At least one Union Boss in the country is rejecting the announcement of Cable Bahamas’ granting of a mobile cellular licence and has expressed outraged by the government’s decision.
Bahamas Public Service Union President John Pinder in an exclusive with Bahamas Press expressed his disappointment with the government considering Cable Bahamas’ mobile licence when clear breeches have been made against workers who today have been denied formal union representation in the country.
“I cry shame of this Christie Government for the decision to grant Cable Bahamas a licence to expand its services when they have clearly failed to allow the voices of workers to be heard or represented at that communications company.
“I am equally concerned with some of my colleagues in the Trade Union Movement, who have remained silent on this issue with workers at Cable Bahamas.

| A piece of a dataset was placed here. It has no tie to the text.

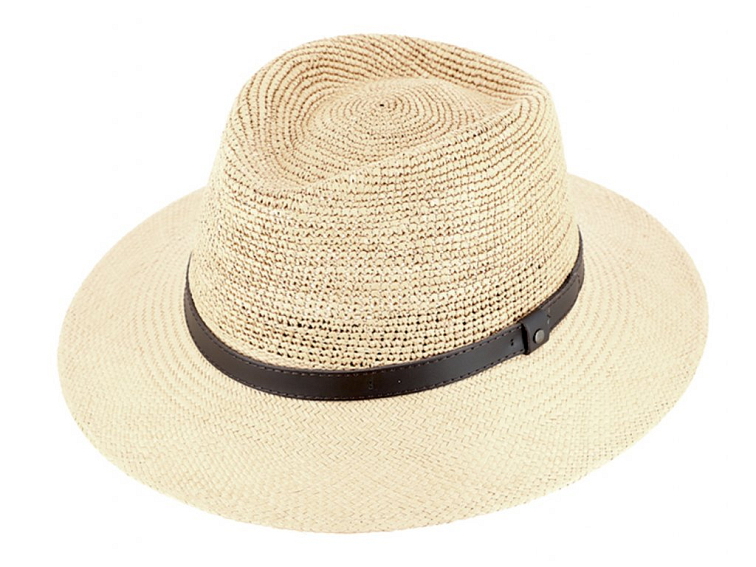 Letní slaměný klobouk Fedora - ručně pletený - Ekvádorská panama - Traveller "Crochet" Natur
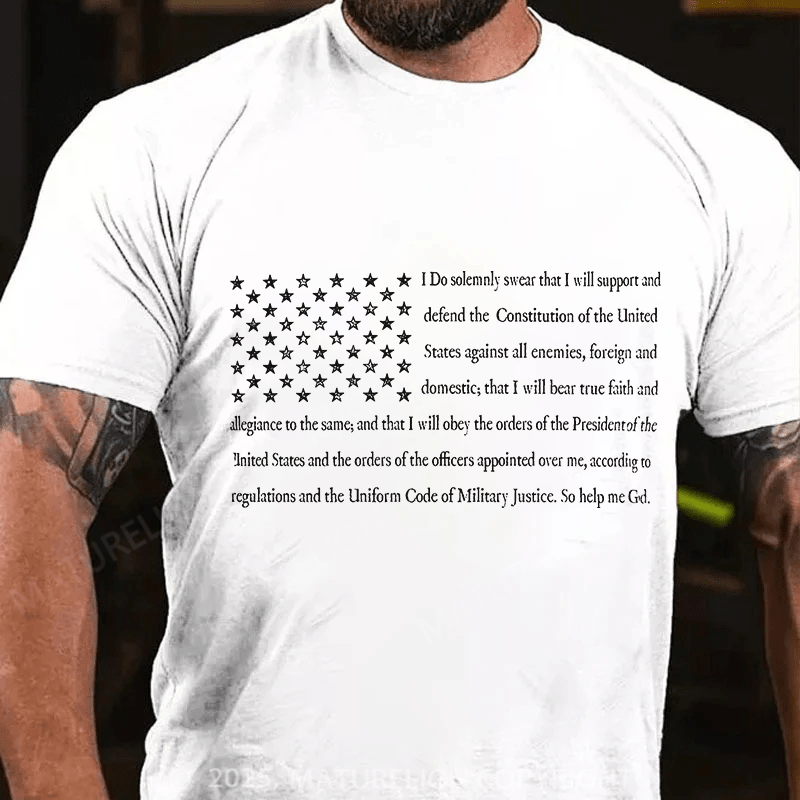 Maturelion Men's T-shirt Mlitary Oath of Enlistment U.S. Flag Cotton T-shirt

Based on the constitution of the Bahamas the workers at the cable company has a right to be heard! Those workers who attempted to formed themselves into a union had begun every process including paying dues in which the Cable company has ignored. Today those workers at Cable Bahamas has not been recognized.”
Sharing his view that it were those same workers at Cable Bahamas who made the company Mr. Pinder said, “We must fine these companies who fail to follow the laws of the Bahamas when it comes to complying with organized labour. ILO, which we are a part of speaks to these issues.
“To advance Cable Bahamas a mobile licence speaks to the uncaring nature of this Government when it comes to the rights of workers and its decision is a clear disrespect to Unions.
“I want to go on record and lend my voice of disapproval by the Government’s decision to granted a licence to the Cable Company while workers at the company cannot have their voices heard! What is it that every other major company like BTC has to comply with organized labour relationships but Cable Bahamas has some privileges to crush the rights of the small man?”
Moreover the Government of the Bahamas through the National Insurance Board holds the largest share block in CBL, and despite this, the small man continues to be crushed at the company.